» **Work required**:
Read through the data and report every line in which the word "Detached" occurs.

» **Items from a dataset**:
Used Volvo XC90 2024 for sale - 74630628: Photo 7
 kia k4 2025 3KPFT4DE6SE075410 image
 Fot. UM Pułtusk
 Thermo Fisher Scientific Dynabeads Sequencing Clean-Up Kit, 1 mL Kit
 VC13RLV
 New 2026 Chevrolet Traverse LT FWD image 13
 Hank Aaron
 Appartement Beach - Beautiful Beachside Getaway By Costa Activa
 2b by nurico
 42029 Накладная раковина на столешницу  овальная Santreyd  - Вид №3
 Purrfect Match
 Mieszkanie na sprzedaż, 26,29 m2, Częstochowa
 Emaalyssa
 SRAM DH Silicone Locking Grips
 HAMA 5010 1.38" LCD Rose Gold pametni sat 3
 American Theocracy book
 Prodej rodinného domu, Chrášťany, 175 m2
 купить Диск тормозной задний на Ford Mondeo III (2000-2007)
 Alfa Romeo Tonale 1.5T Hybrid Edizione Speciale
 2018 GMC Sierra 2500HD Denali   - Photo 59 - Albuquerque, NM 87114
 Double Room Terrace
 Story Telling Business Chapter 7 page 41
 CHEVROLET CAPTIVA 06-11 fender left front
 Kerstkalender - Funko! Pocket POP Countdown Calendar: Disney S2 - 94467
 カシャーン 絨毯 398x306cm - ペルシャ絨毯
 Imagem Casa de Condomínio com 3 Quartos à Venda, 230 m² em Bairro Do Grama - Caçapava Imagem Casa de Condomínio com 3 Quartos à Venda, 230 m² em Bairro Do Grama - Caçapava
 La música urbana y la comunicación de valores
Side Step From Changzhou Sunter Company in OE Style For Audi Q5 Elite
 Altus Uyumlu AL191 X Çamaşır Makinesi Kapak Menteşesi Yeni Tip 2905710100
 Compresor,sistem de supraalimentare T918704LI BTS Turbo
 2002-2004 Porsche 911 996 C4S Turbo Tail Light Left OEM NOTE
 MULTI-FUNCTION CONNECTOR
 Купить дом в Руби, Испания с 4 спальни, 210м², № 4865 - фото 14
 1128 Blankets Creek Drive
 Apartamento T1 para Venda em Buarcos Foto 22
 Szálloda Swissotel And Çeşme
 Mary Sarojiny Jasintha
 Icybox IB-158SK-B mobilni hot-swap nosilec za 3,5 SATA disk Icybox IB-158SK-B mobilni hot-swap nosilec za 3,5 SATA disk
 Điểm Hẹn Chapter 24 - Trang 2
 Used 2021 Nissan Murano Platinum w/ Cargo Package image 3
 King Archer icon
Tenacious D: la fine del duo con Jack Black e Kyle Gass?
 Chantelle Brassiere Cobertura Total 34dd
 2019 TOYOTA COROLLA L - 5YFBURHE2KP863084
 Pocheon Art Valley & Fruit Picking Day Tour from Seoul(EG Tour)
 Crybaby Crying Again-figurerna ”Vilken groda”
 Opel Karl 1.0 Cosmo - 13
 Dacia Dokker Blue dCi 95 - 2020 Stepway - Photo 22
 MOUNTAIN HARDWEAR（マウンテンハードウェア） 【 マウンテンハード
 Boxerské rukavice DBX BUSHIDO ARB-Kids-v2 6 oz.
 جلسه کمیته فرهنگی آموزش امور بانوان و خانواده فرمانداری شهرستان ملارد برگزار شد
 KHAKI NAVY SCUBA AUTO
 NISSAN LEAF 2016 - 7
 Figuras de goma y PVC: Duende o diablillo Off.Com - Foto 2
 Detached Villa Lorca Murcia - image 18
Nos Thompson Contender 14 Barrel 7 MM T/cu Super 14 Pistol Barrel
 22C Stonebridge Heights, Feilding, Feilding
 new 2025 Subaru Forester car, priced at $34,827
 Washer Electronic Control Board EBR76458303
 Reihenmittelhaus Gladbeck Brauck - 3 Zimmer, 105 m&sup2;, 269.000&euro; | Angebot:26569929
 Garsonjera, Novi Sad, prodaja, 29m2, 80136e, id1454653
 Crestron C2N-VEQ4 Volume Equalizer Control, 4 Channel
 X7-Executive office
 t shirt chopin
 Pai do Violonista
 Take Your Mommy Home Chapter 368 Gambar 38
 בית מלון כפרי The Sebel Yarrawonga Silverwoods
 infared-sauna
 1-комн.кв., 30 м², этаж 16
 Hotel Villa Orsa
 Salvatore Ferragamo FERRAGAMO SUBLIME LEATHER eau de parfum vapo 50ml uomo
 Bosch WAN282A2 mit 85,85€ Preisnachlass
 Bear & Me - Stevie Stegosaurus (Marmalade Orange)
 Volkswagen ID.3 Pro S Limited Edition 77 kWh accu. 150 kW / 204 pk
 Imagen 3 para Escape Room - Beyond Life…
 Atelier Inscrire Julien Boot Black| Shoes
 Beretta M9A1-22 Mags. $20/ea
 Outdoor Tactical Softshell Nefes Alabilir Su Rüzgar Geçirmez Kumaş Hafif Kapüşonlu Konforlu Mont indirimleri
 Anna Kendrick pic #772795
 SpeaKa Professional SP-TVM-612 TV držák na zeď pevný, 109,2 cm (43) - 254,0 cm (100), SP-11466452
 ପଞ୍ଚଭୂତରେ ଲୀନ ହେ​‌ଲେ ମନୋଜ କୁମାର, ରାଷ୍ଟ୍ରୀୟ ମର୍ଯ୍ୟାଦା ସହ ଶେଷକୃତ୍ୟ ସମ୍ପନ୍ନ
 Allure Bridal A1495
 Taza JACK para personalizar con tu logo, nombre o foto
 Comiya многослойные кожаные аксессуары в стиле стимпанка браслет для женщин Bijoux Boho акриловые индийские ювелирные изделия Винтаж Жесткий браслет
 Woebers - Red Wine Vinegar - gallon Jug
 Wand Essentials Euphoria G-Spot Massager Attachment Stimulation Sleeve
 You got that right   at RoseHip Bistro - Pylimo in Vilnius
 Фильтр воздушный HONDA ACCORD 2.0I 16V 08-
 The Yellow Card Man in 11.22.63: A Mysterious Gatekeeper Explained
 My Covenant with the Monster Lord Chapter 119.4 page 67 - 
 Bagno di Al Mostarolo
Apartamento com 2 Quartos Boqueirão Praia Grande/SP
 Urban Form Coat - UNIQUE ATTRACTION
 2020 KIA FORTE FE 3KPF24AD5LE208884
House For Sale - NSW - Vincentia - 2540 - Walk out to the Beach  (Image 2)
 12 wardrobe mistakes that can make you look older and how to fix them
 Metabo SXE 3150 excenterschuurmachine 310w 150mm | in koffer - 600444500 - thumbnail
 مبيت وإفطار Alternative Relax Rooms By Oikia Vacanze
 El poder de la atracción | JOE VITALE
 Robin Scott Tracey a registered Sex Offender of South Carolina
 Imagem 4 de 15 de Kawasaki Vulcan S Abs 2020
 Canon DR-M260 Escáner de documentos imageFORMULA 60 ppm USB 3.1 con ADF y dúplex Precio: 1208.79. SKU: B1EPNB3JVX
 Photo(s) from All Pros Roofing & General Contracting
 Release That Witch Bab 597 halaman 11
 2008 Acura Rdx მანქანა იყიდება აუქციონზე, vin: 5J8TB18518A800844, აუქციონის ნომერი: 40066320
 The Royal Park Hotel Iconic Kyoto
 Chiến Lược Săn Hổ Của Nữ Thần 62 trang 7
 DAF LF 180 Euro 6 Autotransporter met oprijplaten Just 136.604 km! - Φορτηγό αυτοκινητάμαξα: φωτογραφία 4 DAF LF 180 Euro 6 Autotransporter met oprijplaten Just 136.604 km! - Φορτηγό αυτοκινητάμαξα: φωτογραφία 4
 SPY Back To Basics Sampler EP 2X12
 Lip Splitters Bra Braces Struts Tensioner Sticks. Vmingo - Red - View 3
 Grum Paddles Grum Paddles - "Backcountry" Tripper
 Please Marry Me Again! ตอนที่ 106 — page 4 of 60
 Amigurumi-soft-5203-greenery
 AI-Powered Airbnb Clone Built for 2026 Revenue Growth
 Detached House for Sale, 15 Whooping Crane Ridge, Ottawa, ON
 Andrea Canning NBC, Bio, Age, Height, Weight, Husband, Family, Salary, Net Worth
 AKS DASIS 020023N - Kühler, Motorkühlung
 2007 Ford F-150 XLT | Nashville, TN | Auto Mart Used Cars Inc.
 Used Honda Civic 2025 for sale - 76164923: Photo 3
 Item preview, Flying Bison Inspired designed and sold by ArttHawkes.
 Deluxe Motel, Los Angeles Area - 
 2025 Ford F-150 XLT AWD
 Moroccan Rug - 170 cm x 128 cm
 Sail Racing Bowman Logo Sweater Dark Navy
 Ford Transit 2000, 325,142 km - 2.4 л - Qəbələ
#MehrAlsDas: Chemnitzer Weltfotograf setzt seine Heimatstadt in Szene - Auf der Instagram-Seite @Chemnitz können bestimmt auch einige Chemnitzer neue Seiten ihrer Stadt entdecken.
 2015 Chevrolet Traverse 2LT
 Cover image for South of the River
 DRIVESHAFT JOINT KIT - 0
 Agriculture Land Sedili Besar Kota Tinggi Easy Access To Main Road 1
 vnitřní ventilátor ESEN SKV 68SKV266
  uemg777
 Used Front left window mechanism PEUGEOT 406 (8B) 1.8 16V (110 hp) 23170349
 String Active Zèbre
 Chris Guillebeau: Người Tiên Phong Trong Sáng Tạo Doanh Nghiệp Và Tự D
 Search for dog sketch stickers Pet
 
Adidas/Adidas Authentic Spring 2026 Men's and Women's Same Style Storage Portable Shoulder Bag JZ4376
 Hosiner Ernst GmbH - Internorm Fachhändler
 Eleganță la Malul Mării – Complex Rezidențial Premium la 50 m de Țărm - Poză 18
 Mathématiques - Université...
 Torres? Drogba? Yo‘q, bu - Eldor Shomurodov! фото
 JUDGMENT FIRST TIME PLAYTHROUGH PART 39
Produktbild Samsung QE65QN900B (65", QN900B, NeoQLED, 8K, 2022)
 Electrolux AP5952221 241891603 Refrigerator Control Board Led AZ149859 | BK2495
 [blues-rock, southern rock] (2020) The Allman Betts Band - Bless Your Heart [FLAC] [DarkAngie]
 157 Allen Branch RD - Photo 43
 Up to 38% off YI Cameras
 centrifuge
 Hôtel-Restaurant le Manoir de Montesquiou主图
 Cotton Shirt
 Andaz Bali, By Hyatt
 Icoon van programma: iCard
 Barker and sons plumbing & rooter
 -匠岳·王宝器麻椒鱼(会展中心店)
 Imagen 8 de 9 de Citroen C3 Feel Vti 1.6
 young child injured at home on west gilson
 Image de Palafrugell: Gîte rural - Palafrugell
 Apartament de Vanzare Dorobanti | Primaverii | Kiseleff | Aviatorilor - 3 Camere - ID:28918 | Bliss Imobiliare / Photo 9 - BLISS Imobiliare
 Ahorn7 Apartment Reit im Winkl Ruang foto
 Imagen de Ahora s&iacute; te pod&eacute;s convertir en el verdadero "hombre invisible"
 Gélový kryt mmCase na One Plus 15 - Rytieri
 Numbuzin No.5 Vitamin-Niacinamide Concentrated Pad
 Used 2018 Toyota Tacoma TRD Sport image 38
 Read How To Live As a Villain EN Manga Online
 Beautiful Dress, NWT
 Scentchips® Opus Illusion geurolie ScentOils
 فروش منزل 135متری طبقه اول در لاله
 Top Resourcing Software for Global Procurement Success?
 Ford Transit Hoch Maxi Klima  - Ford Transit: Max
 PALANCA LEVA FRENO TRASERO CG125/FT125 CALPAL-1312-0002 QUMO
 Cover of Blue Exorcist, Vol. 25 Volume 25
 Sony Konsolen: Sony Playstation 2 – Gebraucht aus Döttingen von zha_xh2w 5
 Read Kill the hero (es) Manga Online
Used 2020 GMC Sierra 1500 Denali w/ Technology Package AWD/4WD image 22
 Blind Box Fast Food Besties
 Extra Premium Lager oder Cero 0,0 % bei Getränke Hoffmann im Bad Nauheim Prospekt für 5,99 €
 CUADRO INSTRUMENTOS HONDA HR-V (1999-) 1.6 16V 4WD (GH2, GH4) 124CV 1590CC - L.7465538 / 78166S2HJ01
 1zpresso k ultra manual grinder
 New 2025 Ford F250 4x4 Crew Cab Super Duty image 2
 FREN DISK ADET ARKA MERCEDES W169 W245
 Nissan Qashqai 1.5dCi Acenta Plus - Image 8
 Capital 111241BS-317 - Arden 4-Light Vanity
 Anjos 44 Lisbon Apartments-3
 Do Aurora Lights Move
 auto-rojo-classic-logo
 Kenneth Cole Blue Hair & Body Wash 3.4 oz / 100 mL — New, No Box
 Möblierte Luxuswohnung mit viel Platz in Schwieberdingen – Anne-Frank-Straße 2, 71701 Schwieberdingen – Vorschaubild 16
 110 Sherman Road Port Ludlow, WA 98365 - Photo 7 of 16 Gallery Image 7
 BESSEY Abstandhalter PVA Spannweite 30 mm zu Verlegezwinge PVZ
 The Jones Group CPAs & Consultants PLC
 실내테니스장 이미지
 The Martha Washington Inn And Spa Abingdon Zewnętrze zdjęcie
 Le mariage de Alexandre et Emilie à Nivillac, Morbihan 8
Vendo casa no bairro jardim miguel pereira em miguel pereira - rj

» **Solution**:
 Detached Villa Lorca Murcia - image 18
 Detached House for Sale, 15 Whooping Crane Ridge, Ottawa, ON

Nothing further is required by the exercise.